At startup, the connector extracts data from all (matching) files from the given directory. After this initial sync, it watches the directory for new or updated files and syncs only relevant changes.
This source connector supports the following configuration options:
Choose between FTP and SFTP.
The hostname or IP address of the FTP/SFTP server.
The port of the FTP/SFTP server. By default, FTP uses port 21 and SFTP uses port 22.
Only available for the protocol SFTP. Choose between a password-based and a key-based authentication.
The username to use for authenticating with the FTP/SFTP server.
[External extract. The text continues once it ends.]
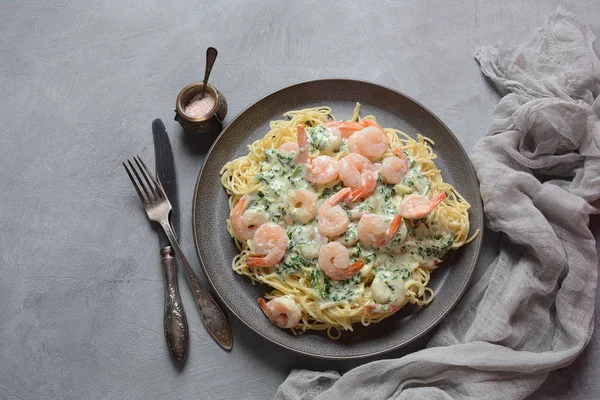 Italian Spaghetti or Pasta with shrimps, garlic and herbs in a creamy Alfredo sauce. Keto diet food concept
Only available for the protocol FTP. The password to use for authenticating with the FTP server.
Only available for the protocol SFTP. The SSH key to use for authenticating with the SFTP server.
The SSH key needs to be provided in the RSA format. OpenSSH keys need to be first converted to RSA before providing them to DataCater.
You can choose between two approaches to defining at which times DataCater should extract data from the FTP/SFTP server:
Depending on the option Sync mode, you can either specify the number of seconds or the CRON expression. By default, DataCater extracts data every hour, i.e., the default values are 3600 (seconds) and 0 */1 * * ? (CRON expression).
The directory on the FTP/SFTP server, from which DataCater should extract files.
Regular expression applied to files from the working directory. Only files with a name matching the regular expression will be extracted. Default value: .* (matches all file names).
The format of the extracted files. Choose between CSV and XML.
Only available for the file type CSV. The character that delimits different columns (default: ,).
Only available for the file type CSV. Whether to use the first row of the CSV file for extracting attribute names or not. If this option is set to false, DataCater will generate attribute names based on the index of the attribute, and name them column_1, column_2, etc.
Only available for the file type XML. The XPath to the node holding the record nodes. (default: /*).
Name of the attribute that can act as a primary key. Please make sure that this column is never NULL.
DataCater imports all columns of a CSV or XML file as attributes of type string.
DataCater automatically extends the set of attributes with the attribute __datacater_file_name and fills it with the name of the file.